REQUIRED WORK:
As you work through the listing below, copy each line exactly and drop the images.

DATASET SECTION:
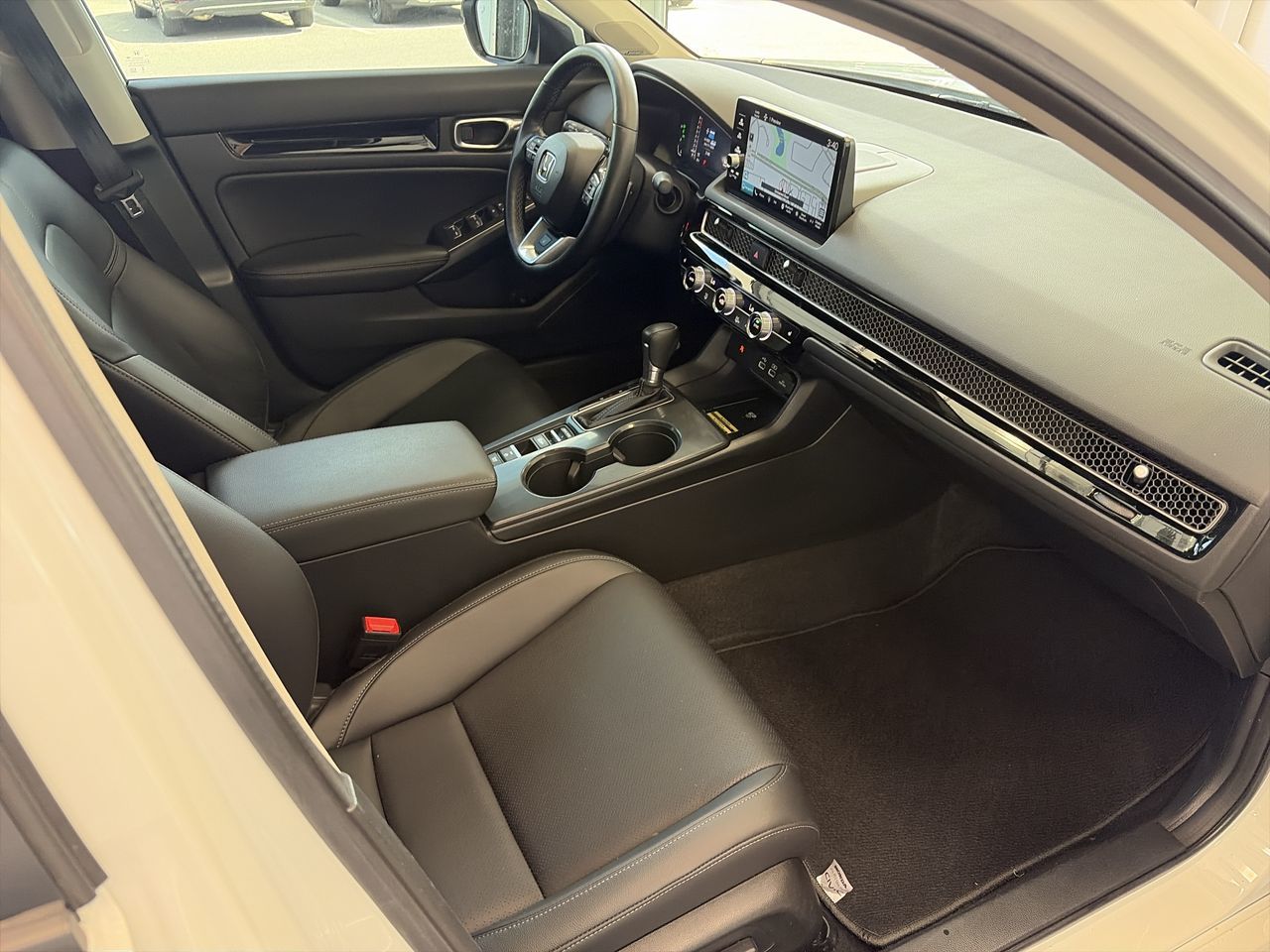 2023 Honda Civic in Mississauga, Ontario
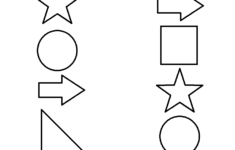 6 Best Images Of Pre-K Worksheets Packets Printable - Free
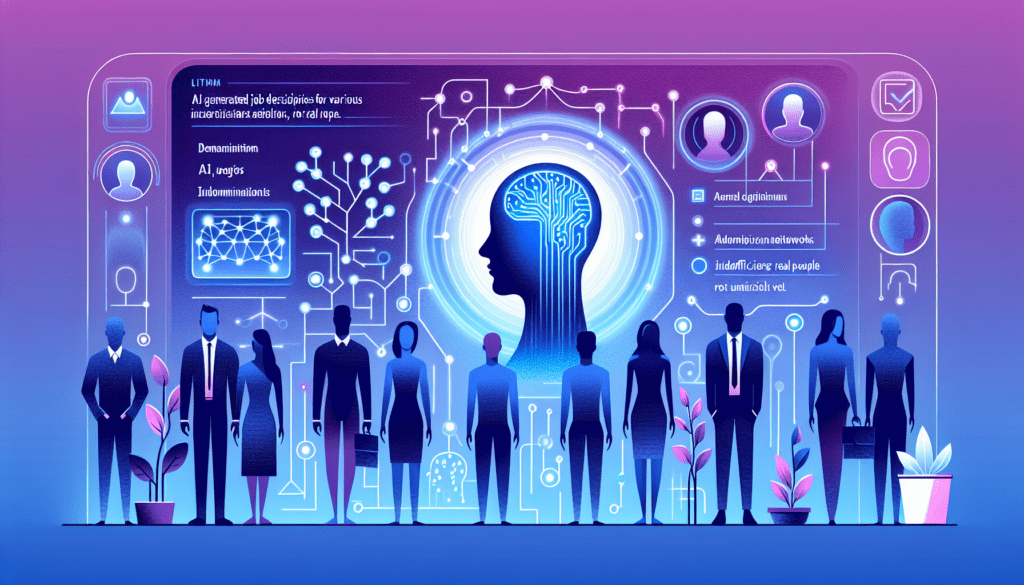 Jobbbeskrivningsmallar: AI-genererade för varje roll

RESPONSE AREA:
 2023 Honda Civic in Mississauga, Ontario
 6 Best Images Of Pre-K Worksheets Packets Printable - Free
 Jobbbeskrivningsmallar: AI-genererade för varje roll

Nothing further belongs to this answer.